Just looking for some advice as I purchased a Gaggia Classic 2nd hand and so don't know if my machine is actually working properly or not.

Since having it, I have descaled twice and cleaned the shower screen/group and this has improved the flow but not sure if it's still enough?

Also, haven't backflushed as I don't know if it's ok to do so on my machine. My puck is a little soupy so don't think I have the solenoid valve and therefore shouldn't be back flushing anyway - if there's a way to find out please let me know.

Video of flow rate -






Thanks in advance!


----------



## El carajillo (Mar 16, 2013)

Flow looks OK. Free running like that you should have a flow equating to about 110 ml / cc in 30 sec's. May be a little less or more.

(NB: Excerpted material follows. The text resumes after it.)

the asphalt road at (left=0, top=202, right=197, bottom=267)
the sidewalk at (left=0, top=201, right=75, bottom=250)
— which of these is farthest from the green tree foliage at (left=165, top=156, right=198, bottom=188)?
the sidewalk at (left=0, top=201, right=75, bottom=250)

Did you remove the dispersion block (behind the shower screen) held by 2 allen bolts. This also gets clagged up with coffee oil and they corrode.


----------



## Gubbo89 (Dec 5, 2018)

Thanks for replying.

Just ran a test and free flow was 160ml in 30secs so guess there's no problem there but I'll remember that test for a fewceeejs time to know when to clean/descale.

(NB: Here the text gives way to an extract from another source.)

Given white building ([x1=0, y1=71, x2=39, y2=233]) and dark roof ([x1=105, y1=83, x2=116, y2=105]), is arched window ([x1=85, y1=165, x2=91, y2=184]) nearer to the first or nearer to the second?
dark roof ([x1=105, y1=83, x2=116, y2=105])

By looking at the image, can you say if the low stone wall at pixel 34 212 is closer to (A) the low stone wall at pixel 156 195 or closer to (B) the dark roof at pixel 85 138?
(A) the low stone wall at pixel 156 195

When pulling a shot - do you start timing from when you hit the brew button as it currently takes about 8 seconds to see any coffee.


----------



## L&R (Mar 8, 2018)

Looks ok to me, use cafiza and citric acid if you want to clean the 3way valve.


----------



## Gubbo89 (Dec 5, 2018)

L&R said:


> Looks ok to me, use cafiza and citric acid if you want to clean the 3way valve.


 Are you referring to backflushing or adding cafiza when descaling?

If backflushing, would this be safe for all Gaggia machines? I was under the impression that only some with the correct internals can handle backflushing.


----------



## L&R (Mar 8, 2018)

backflushing w cafiza in a blind basket, descaling w citric acid through the water tank. 3way needs both.

GC is fine with both procedures.

BR


----------



## Gubbo89 (Dec 5, 2018)

Ah, think I was getting confused with needing the OPV to backflush.

Can see now that all Gaggia Classics have a solenoid valve so are OK to backflush. Will buy the bits I need and give it a go.


----------